From 3f242369e07bfbe2075da1ea8d6590cbdfb5fd51 Mon Sep 17 00:00:00 2001
From: Philipp Emanuel Weidmann <pew@worldwidemann.com>
Date: Tue, 23 Sep 2025 16:00:20 +0530
Subject: [PATCH] Add educated guesses for parameter values to get the
 optimizer started

---
 src/heretic/main.py | 26 +++++++++++++++++++++++++-
 1 file changed, 25 insertions(+), 1 deletion(-)

diff --git a/src/heretic/main.py b/src/heretic/main.py
index ea45b96..19bc3da 100644
--- a/src/heretic/main.py
+++ b/src/heretic/main.py
@@ -82,6 +82,10 @@ def main():
         while batch_size <= settings.max_batch_size:
             print(f"* Trying batch size [bold]{batch_size}[/]... ", end="")
 
+            # FIXME: Using the same prompt across the batch is a poor benchmark for MoE models,
+            #        because it means that the same experts are active for all prompts at each
+            #        token position (since we use deterministic decoding), which is substantially
+            #        faster than if different experts must be accessed for each prompt.
             prompts = [settings.test_prompt] * batch_size
 
             try:
@@ -141,7 +145,7 @@ def main():
         )
         min_weight = trial.suggest_float("min_weight", 0, max_weight)
         min_weight_distance = trial.suggest_float(
-            "min_weight_distance", 0, len(model.model.model.layers) - 1
+            "min_weight_distance", 1, len(model.model.model.layers) - 1
         )
 
         print()
@@ -173,6 +177,26 @@ def main():
         return -score
 
     study = optuna.create_study()
+
+    # Educated guesses for parameter values to get the optimizer started.

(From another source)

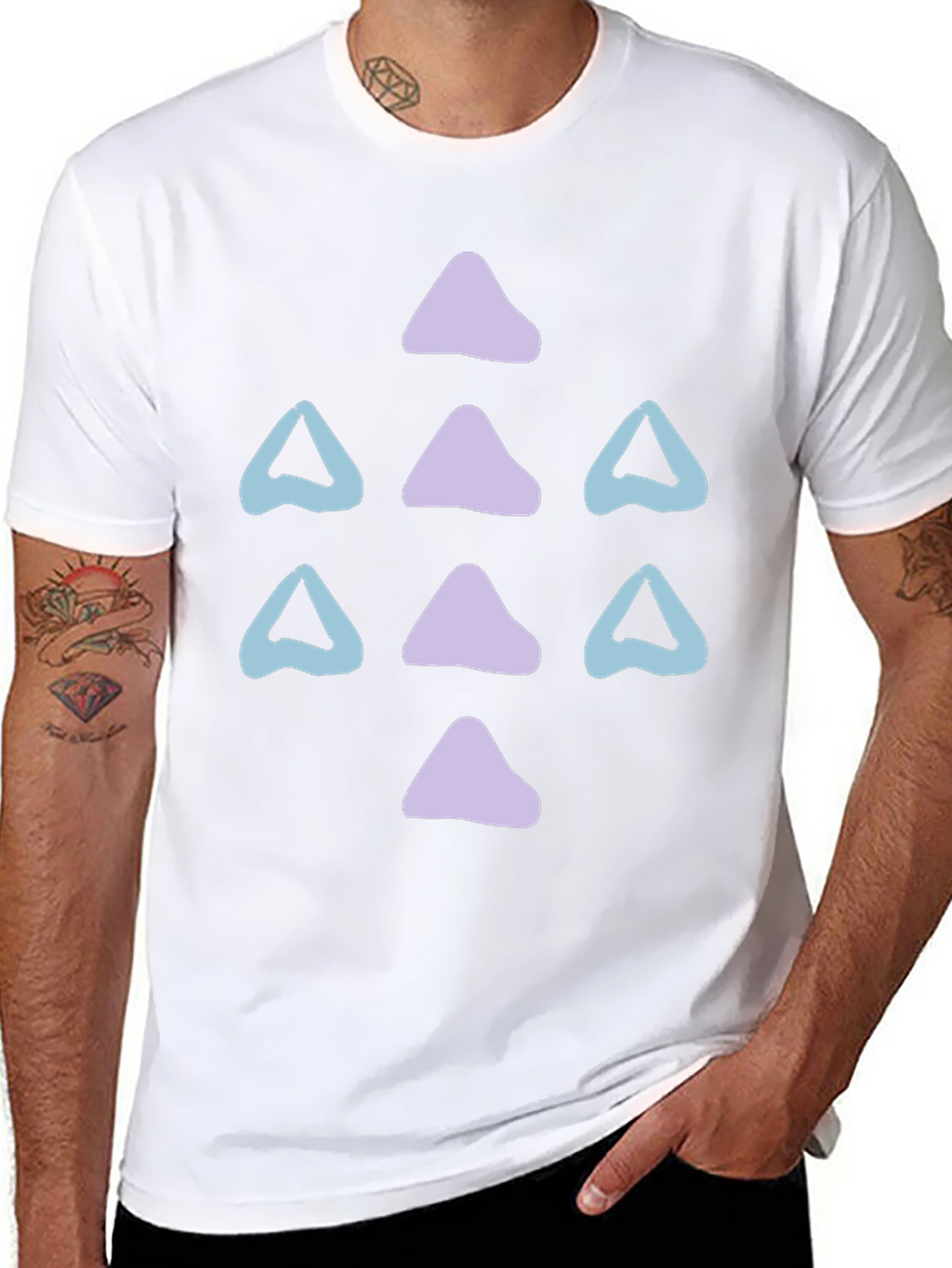 Abstract Triangle Pattern Black T-Shirt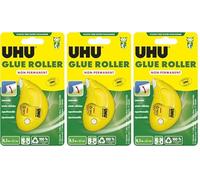 UHU Roller de colle non permanent - Colle de façon non permanente et repositionnable, rapide, propre, précis et instantané, sans solvants, transparent, 8,5 m x 6,5 mm (Lot de 3)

+    for max_weight, max_weight_position, min_weight, min_weight_distance in [
+        (0.0, 0.0, 0.0, 0.5),
+        (1.0, 0.5, 0.0, 0.25),
+        (0.8, 0.7, 0.3, 0.4),
+        (0.9, 0.3, 0.1, 0.1),
+        (1.0, 1.0, 1.0, 1.0),
+    ]:
+        study.enqueue_trial(
+            {
+                "max_weight": max_weight,
+                "max_weight_position": max_weight_position
+                * (len(model.model.model.layers) - 1),
+                "min_weight": min_weight,
+                "min_weight_distance": min_weight_distance
+                * (len(model.model.model.layers) - 1),
+            }
+        )
+
     study.optimize(objective, n_trials=settings.n_trials)
 
     print()